**Data**
-*-

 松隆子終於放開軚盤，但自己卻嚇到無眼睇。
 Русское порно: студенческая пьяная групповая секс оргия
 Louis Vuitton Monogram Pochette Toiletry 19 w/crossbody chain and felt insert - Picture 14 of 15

-*-

**Exercise prompt**
Extract all of the data shown above without alteration.

**Exercise output**
 松隆子終於放開軚盤，但自己卻嚇到無眼睇。
 Русское порно: студенческая пьяная групповая секс оргия
 Louis Vuitton Monogram Pochette Toiletry 19 w/crossbody chain and felt insert - Picture 14 of 15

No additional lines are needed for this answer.